Mick Landmann is one of more than 1,000 parents in east Brighton who has signed a petition protesting at the way Brighton and Hove City Council selects children for oversubscribed schools.
Last year the city council changed its admissions criteria from priority areas which took into account travel routes and how easily children could get to other schools to a distance-only measure.
The closure of East Brighton College of Media Arts (Comart) in Wilson Avenue in July, means many families in east Brighton live too far away from many schools to fit the new criteria.
While the city council has agreed to review the change, any further amendments will be implemented in 2007 at the earliest, meaning parents of children going into Year 6 will be the second year group to lose out under the current system.
Mr Landmann hoped the council would agree to apply for an in-year variation - an emergency order which has to be approved by the schools adjudicator and would allow the council to make immediate changes to its admissions criteria.
The council wrote to the schools adjudicator last month asking for advice on the procedure but the adjudicator declined to comment and the council has now decided not to apply for the order.
Mr Landmann, who lives with his partner Diane Kirkland and their children Charlotte, ten, and Jamie, seven, in Freshfield Road, said: "We will continue to keep up pressure on the council over this.

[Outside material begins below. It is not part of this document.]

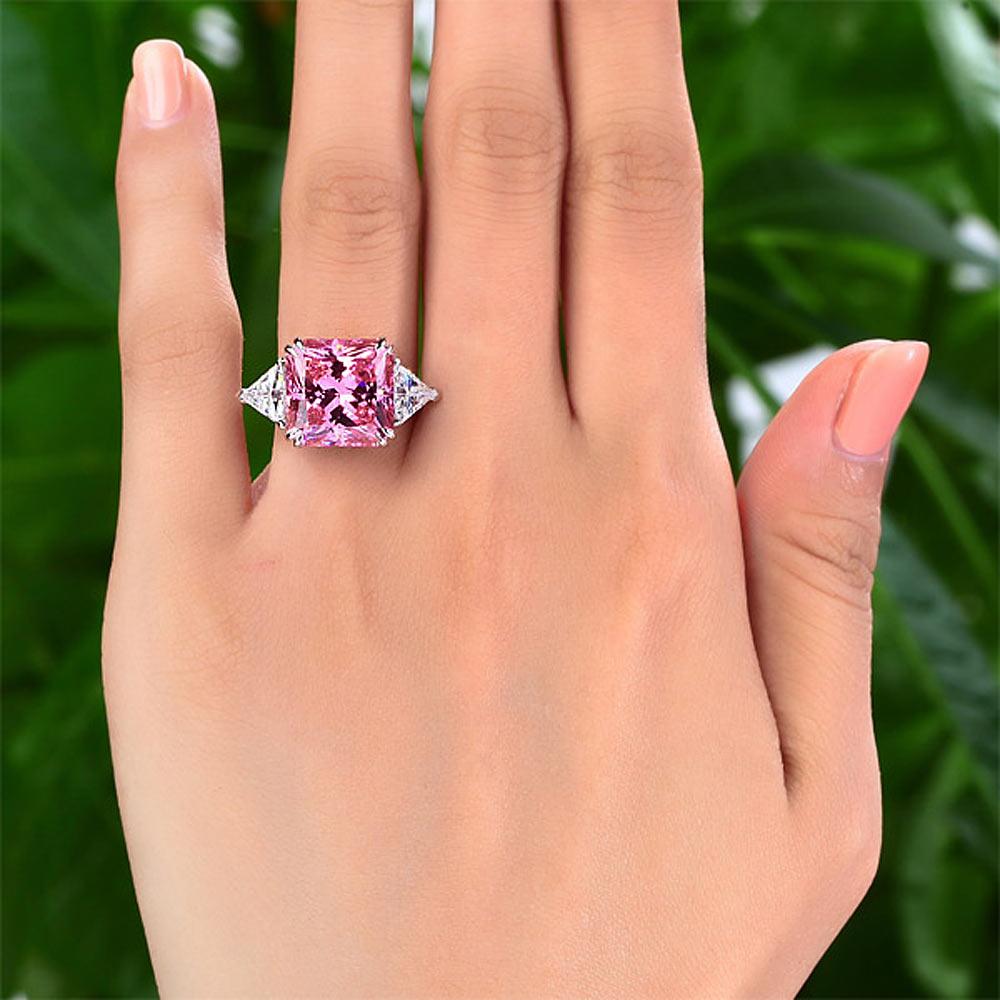 Solid 925 Sterling Silver Three-Stone Luxury Ring 8 Carat Fancy Pink Created Dia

The in-year variation was really the only way to help the new Year 6s.
"If we don't get it, there is a good chance some parents will refuse to send their children to their allocated school."

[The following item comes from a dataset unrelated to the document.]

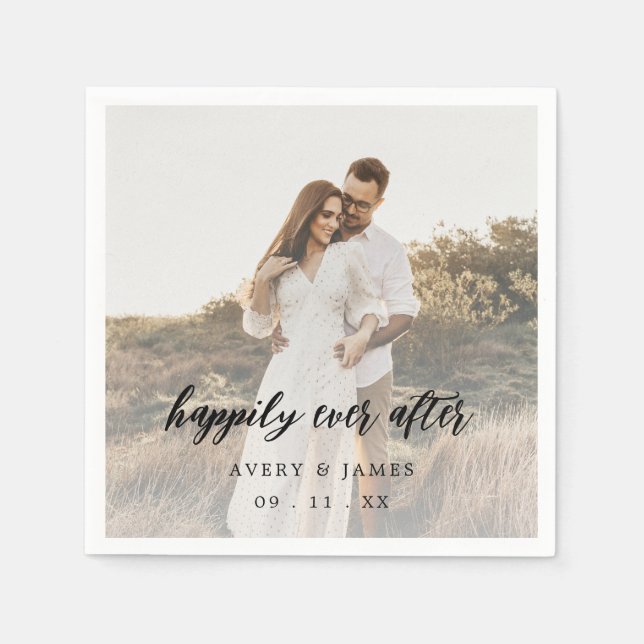 Serviette En Papier Happily Ever After Photo Wedding (Devant)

A council spokesman said: "We are very aware of the concerns expressed by some parents in east Brighton about the current secondary school admissions criteria but we will not be making any in-year variations to them."
He said the council would need to demonstrate to the schools adjudicator that there has been a "serious and unexpected event" since the current rules have been in place.
This was not the case as the closure of Comart had already been decided when the current admissions arrangements were agreed in March 2004.
He said 90 per cent of parents were happy with the current system and that any change would affect other areas and so would be unreasonable without city-wide consultation.
The council has agreed to set up a "stakeholder" parents representation group to work with the review committee.